By stopping at the level of the bubble approximation used
in Refs.\cite{snr1} (and effectively used
in Refs.\cite{bilo} although 
the formalism adopted there is different)
one ends up ignoring contributions 
to the second 
derivative with respect to $\phi$
of the effective potential at the origin ({\it i.e.}
the square 
of the dressed mass
of the field $\Phi$ at $\phi \! = \! 0$)
which are
of order $\lambda^2 \ln \lambda$.
Taking this into account, and using
the following known\cite{doja} ``high temperature''
(small $X/T$) expansions
\begin{eqnarray}
P[X] \!\! &\simeq& \!\! 
{T^2 \over 12} - {X T \over 4 \pi}
- {X^2 \over 16 \pi^2} \ln {X^2 \over T^2} 
~,
\label{pexp}
\end{eqnarray}
\begin{eqnarray}
Q[X] \!\! &\simeq& \!\! - {\pi^2 T^4 \over 90} 
+ {X^2 T^2 \over 24} - {X^3 T \over 12 \pi}
- {X^4 \over 64 \pi^2} \ln {X^2 \over T^2} 
~,
\label{pqexp}
\end{eqnarray}
one finds that the Eqs.(\ref{vrensumaiii})-(\ref{gaptb})

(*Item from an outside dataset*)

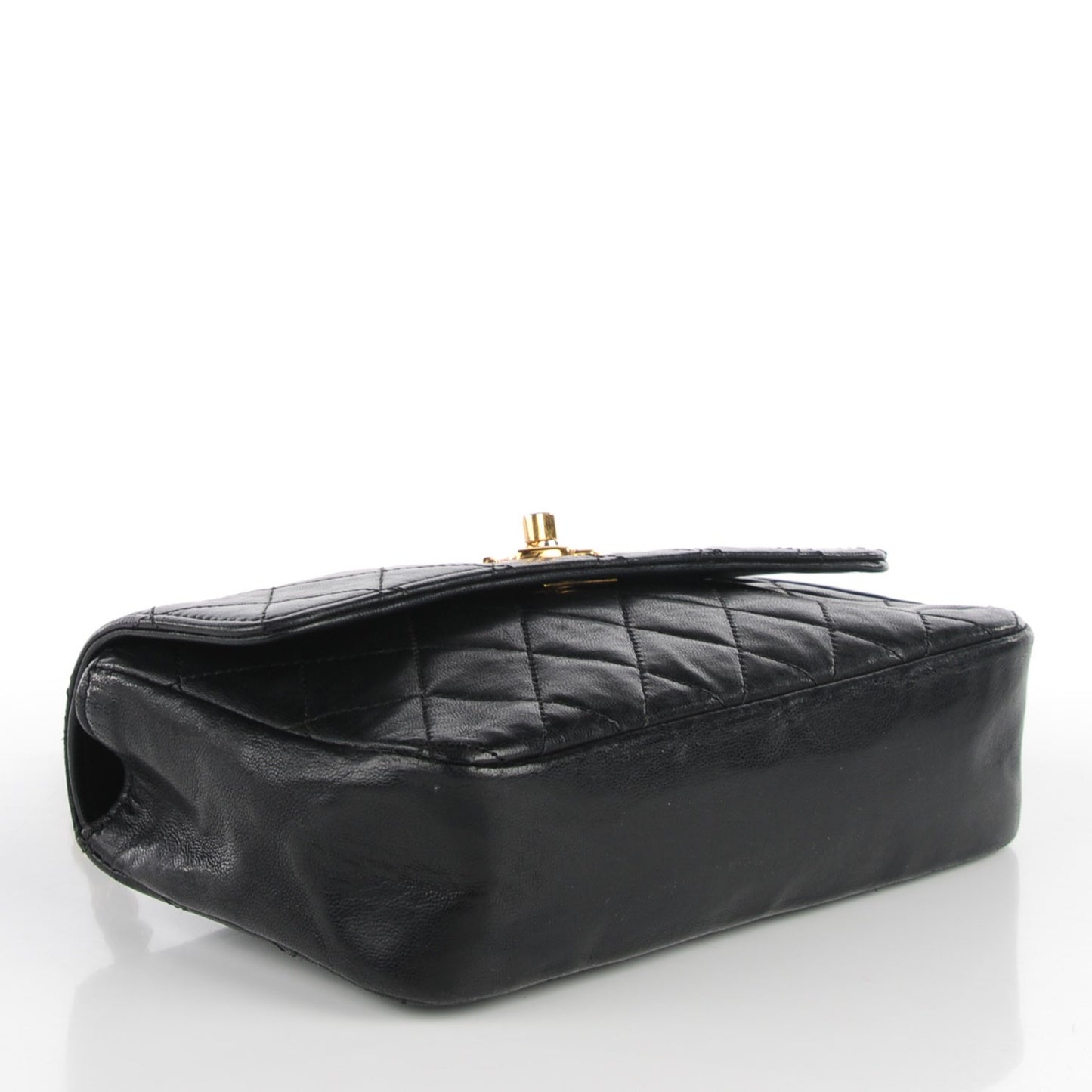 Lambskin Quilted Mini Rectangular Flap Black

lead to the following result for the
second derivative
of the effective potential at the origin
\begin{eqnarray}
V''(0) &\simeq& {m}^2 
+ (\lambda_\Phi - \lambda_{\Phi \Psi})
{T^2 \over 24}
+ \lambda_{\Phi \Psi}
\sqrt{\lambda_\Psi - \lambda_{\Phi \Psi}}
{T^2 \over 16 \sqrt{6} \pi}
~,
\label{gaphight}
\end{eqnarray}
where indeed 
terms of order $\lambda^2 \ln \lambda$ and higher
have been dropped, and the relations
(\ref{case}) have been used in extracting the leading
contribution of order $\lambda \sqrt{\lambda}$.
Notice that, in the scenario (\ref{case}), the 
contribution to (\ref{gaphight})
of order $\lambda$, which can be estimated in
conventional (unimproved) perturbation theory,
is negative, {\it i.e.} works in favour of SNR,
but the contribution of order $\lambda \sqrt{\lambda}$,
whose evaluation requires to take into account
the bubble diagrams\cite{snr1}, is positive.
Most importantly the positivity
of the correction
of order $\lambda \sqrt{\lambda}$
renders insufficient for SNR
the condition
$\lambda_{\Phi \Psi} \! > \! \lambda_\Phi$,
which sets the lower bound 
of the {\it SNR parameter space}
within conventional perturbation theory.
This is the basis for the recent observation\cite{bilo,snr1}
that the bubble-improved perturbation theory
predicts a smaller {\it SNR parameter space}
than conventional perturbation theory.

The improvement in the determination
of the {\it SNR parameter space} that I report in this Letter
relies on an estimate of the leading
correction
to (\ref{gaphight}),
which is of order $\lambda^2 \ln \lambda$
(notice 
that $|\epsilon|^2 \! < \! |\epsilon|^2 \ln |\epsilon| \! < \! |\epsilon|$
for small $\epsilon$).
I obtain this result via the use of variational
techniques in the framework
of the CJT formalism, which allows to go 
systematically[11,14-16]
%%%systematically\cite{snr1,corn,pap7,jackbanf}
beyond the bubble approximation.
In the CJT formalism the 
effective potential $V$ is obtained
as the solution of a variational problem for the
effective potential for composite operators $W$:
\begin{equation}
V(\phi) = W[\phi;M(\phi;k)]
~,\label{vw}
\end{equation}
\begin{equation}
\biggl[{\delta W[\phi;{\cal M}(k)] \over \delta 
{\cal M}(k)}\biggr]_{{\cal M}(k)=M(\phi;k)}
= 0
~,\label{hfc}
\end{equation}
A rigorous definition of $W$ can be found 
%%%in Refs.\cite{corn,pap7,jackbanf,pap8},
in Refs.[14-17], 
but for the purposes of the
present Letter it is sufficient to observe that $W$ admits a
loop expansion, with ${\cal M}(k)$ 
appearing as the (dressed) mass matrix\footnote{In the present 
Letter the formalism is set up in
terms of the dressed masses, whereas in Ref.\cite{snr1}
it was set up in terms of the dressed propagators. 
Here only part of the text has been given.